4. Mesures de soutien

4.1. Des mesures de soutien, pour la création, la production et la distribution de contenus audiovisuels ou autres, qui constituent un apport de valeur à la diversité des médias devraient être envisagées. Ces mesures devraient également servir à protéger et à promouvoir la diversité des sources d’information, telles que des agences de presse indépendantes et le journalisme d’investigation. Des mesures de soutien aux médias écrits ou radiodiffusés utilisant des langues minoritaires pourraient également être considérées.

4.2. Sans négliger de considérations en matière de concurrence, toute mesure de soutien citée ci-dessus devrait être accordée sur la base de critères objectifs et impartiaux, dans le cadre de procédures transparentes et soumises à un contrôle indépendant. Les conditions d’octroi d’une aide devraient être reconsidérées périodiquement afin d’éviter l’encouragement accidentel d’un processus de concentration des médias ou l’enrichissement indu d’entreprises bénéficiant d’aides.

5. Sensibilisation au rôle des médias

5.1. Les Etats membres devraient apporter leur soutien à la formation des professionnels des médias, y compris à la formation continue, et inciter à la prise en compte, dans ces formations, du rôle que les professionnels des médias peuvent jouer en faveur de la diversité. La société dans son ensemble devrait être sensibilisée à ce rôle.

5.2. Cet objectif de diversité pourrait être inclus dans les statuts des organismes des médias et dans les codes de déontologie adoptés par les professionnels des médias.

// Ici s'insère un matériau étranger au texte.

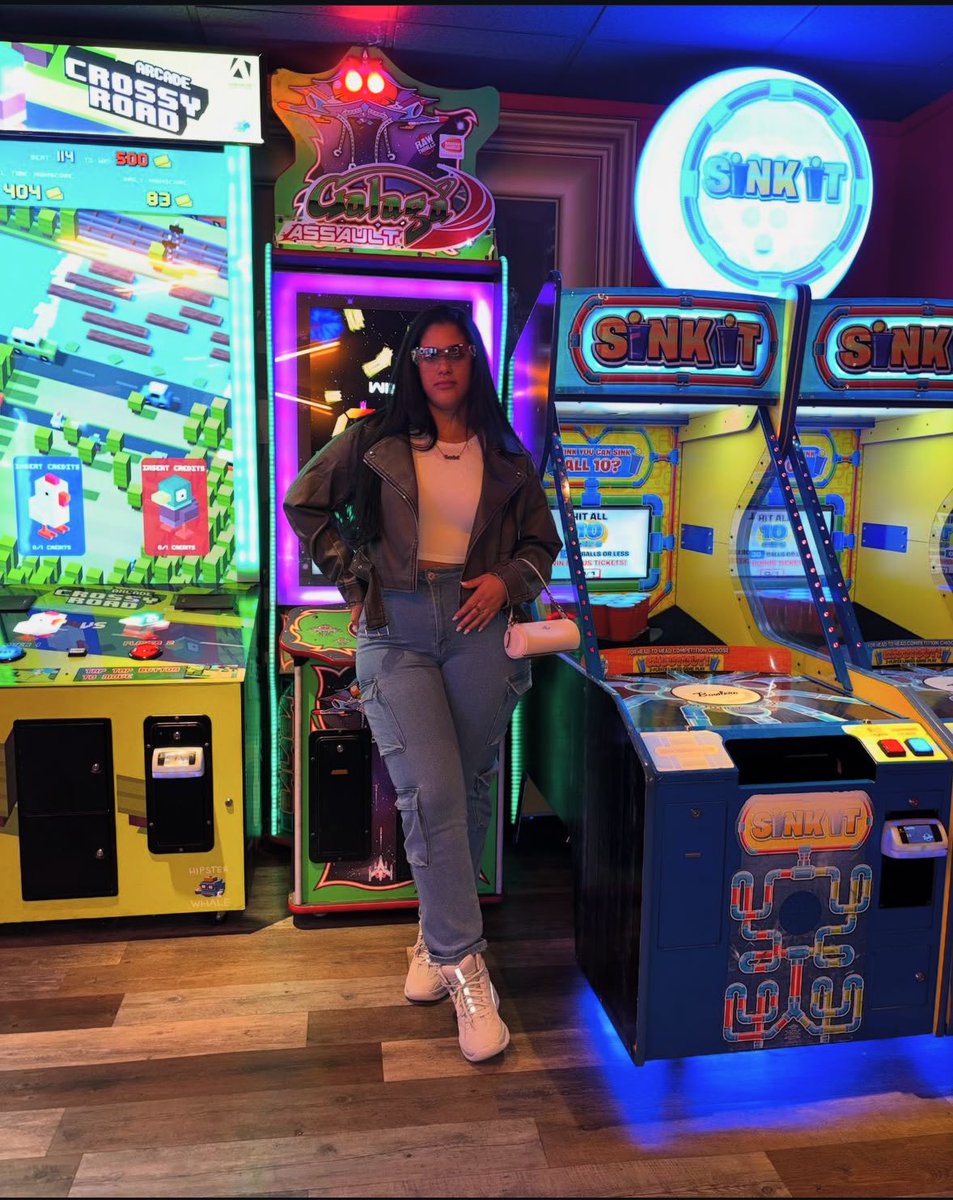 Lesliebethxo's tweet image. Arcade nights 👾
#October13 #TwentySix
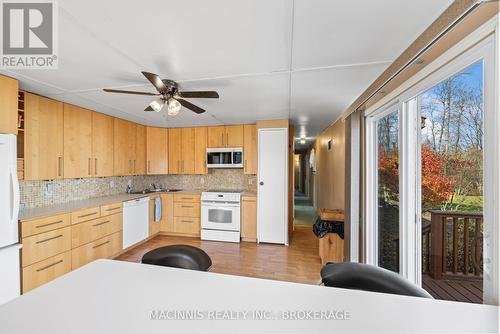 4323 E.R Orser Drive, South Frontenac (Frontenac South), ON - Indoor Photo Showing Kitchen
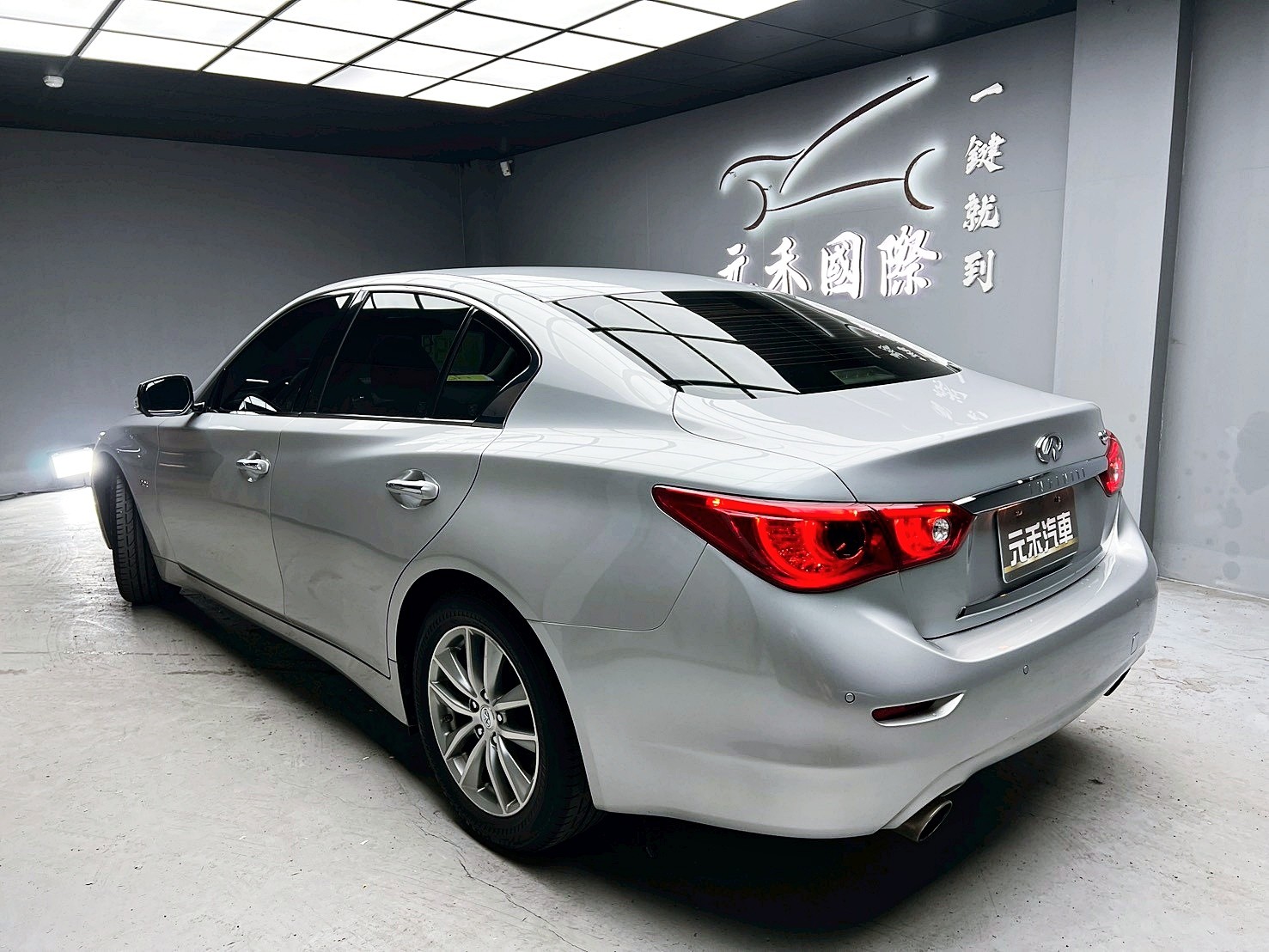 全台到府賞車 2017 Infiniti Q50 旗艦款『小李經理』元禾國際車業/中古車/促銷中  第3張相片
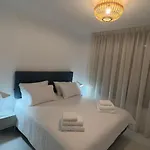 New Spacious 4 Bedrooms In 10 Min Walk To The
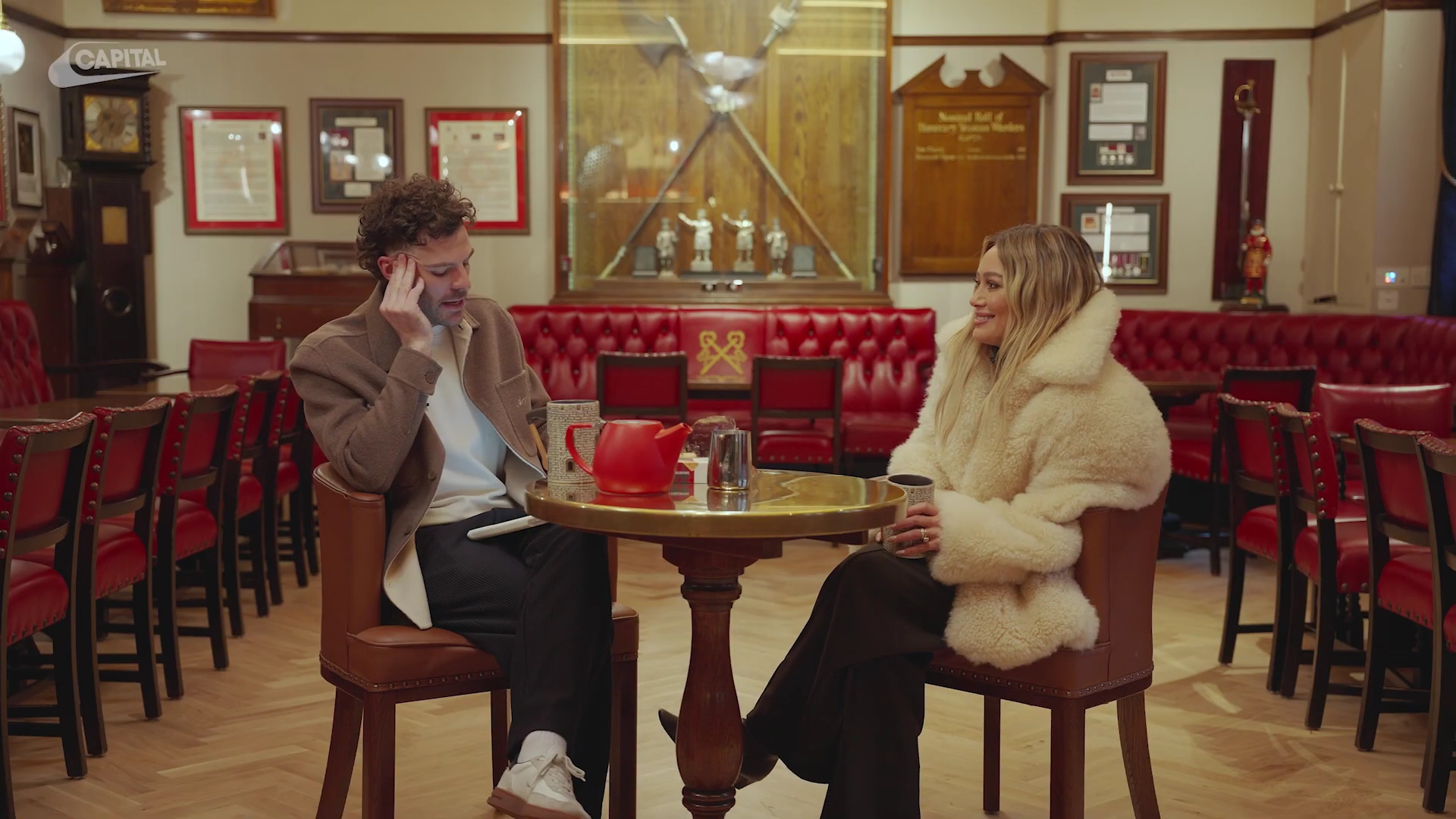 DailyDuff-dot-NL-2026CapitalFM0506.jpg DailyDuff-dot-NL-2026CapitalFM0506.jpg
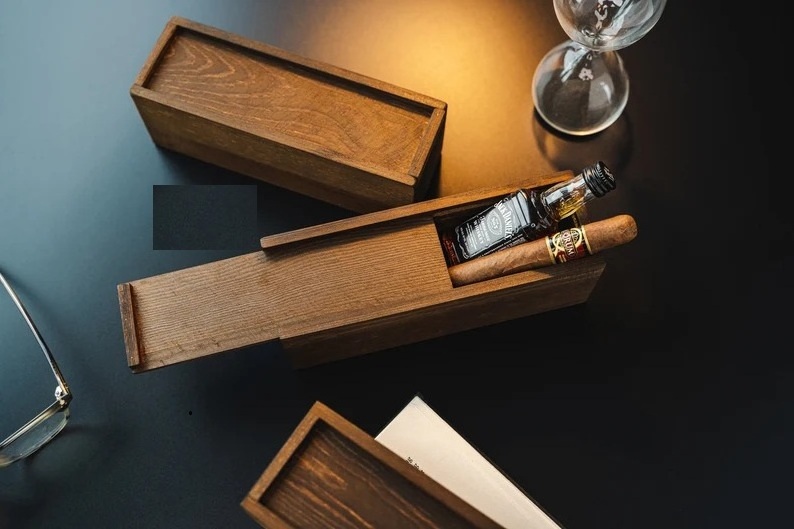 JUNJI Personalized Customized Handmade Wooden Gift Sets Wine Box For Man Single Wine Bottle Wood Storage Cigar Gift Case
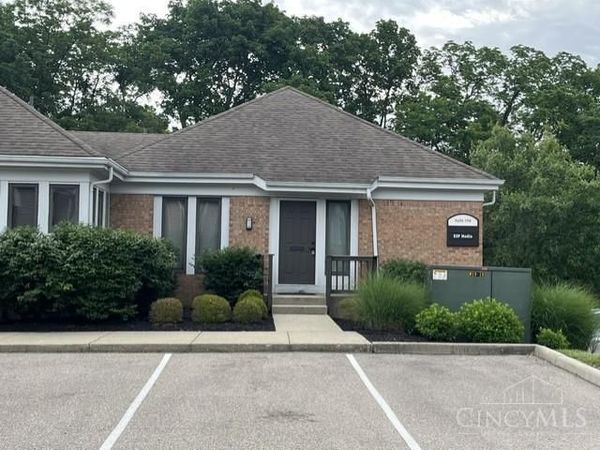 9200 Montgomery, Montgomery, OH 45242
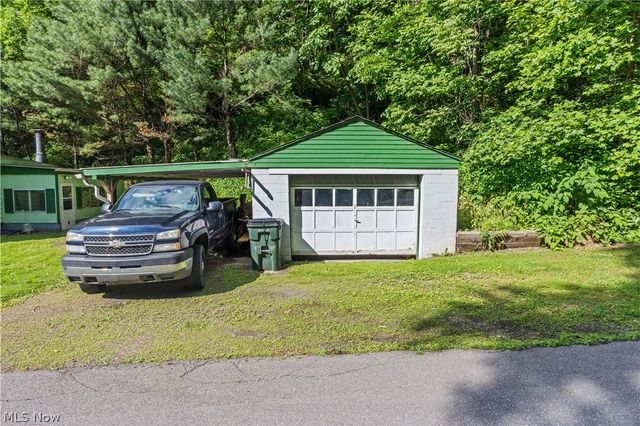 19112 State Route 152, Toronto, OH 43964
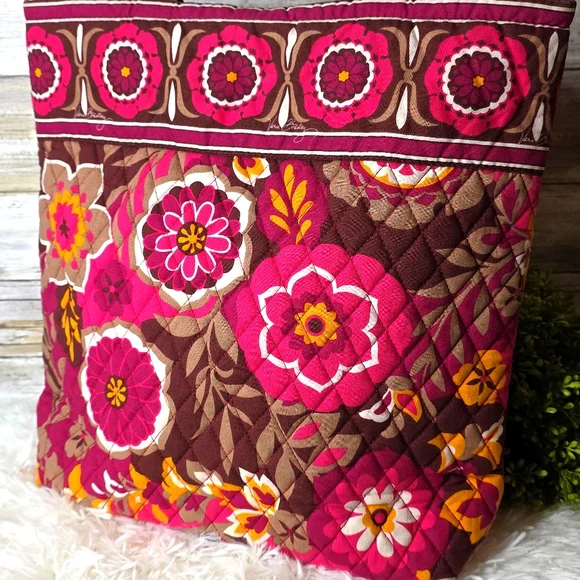 Vera Bradley Floral Quilted Tote Bag - Excellent Condition! - Picture 4 of 8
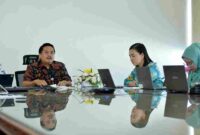 Sekretaris Daerah Provinsi Sumatera Utara (Sumut) Togap Simangunsong membuka Rapat Koordinasi (Rakor) Capaian Program Tuberkulosis pada Provinsi Sumut secara daring melalui aplikasi Zoom Meeting di Ruang Rapat Lantai 9 Kantor Gubernur Sumut Jalan Diponegoro Kota Medan, Jumat (22/8). Rakor tersebut dihadiri oleh dinas terkait dari seluruh Kabupaten/Kota se-Sumut.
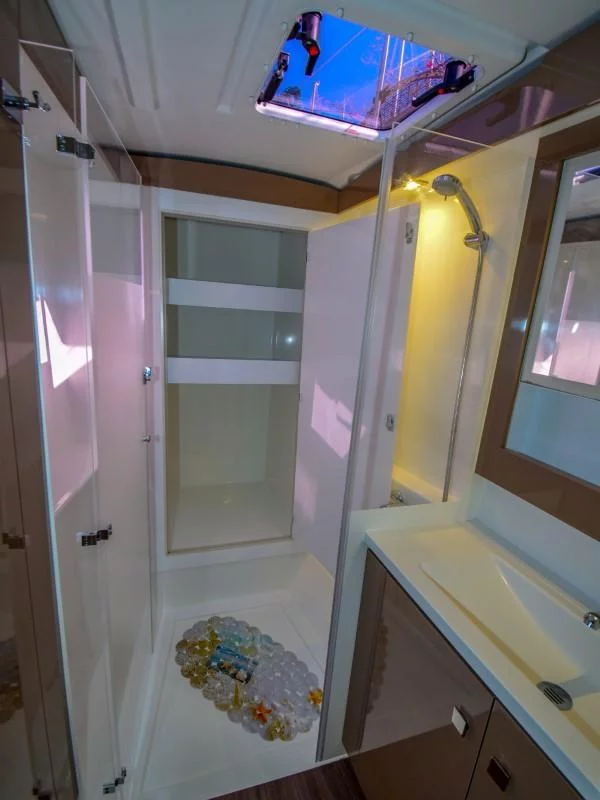 Lucia 40 (Amber)  - 28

III. Transparence des médias

1. Les Etats membres devraient assurer l’accès du public aux informations suivantes sur les médias :

- des informations sur l’identité des personnes ou des organismes participant à la structure du média en question et sur la nature et le montant de la participation respective de ces personnes ou organismes dans la structure concernée et, si possible, les bénéficiaires ultimes de cette participation ;
- des informations sur la nature et le montant des intérêts détenus par les personnes et les organismes précités dans d’autres médias ou entreprises du secteur des médias, voire dans d’autres secteurs économiques ;
- des informations sur les autres personnes ou organismes qui sont susceptibles d’exercer une influence notable sur la politique de programmation ou la ligne éditoriale du média ;
- des informations relatives aux mesures de soutien dont a bénéficié le média ;
- une information sur les procédures appliquées au droit de réponse et aux plaintes.

2. Les Etats membres devraient inciter les médias à prendre toutes les mesures susceptibles de permettre au public de faire sa propre analyse des informations, des idées et opinions exprimées dans les médias.

IV. Recherches scientifiques

1. Les Etats membres devraient encourager les recherches scientifiques et faire des études dans le domaine de la concentration des médias et du pluralisme, et promouvoir le débat public sur ces questions. Une attention toute particulière devrait être accordée à l’effet de la concentration des médias sur la diversité des contenus des médias, sur l’équilibre entre programmes de divertissement et programmes encourageant le débat public ainsi que sur la contribution des médias au dialogue interculturel.

2. Les Etats membres devraient soutenir les efforts de la recherche internationale portant sur la concentration transnationale des médias et son impact sur différents aspects du pluralisme des médias.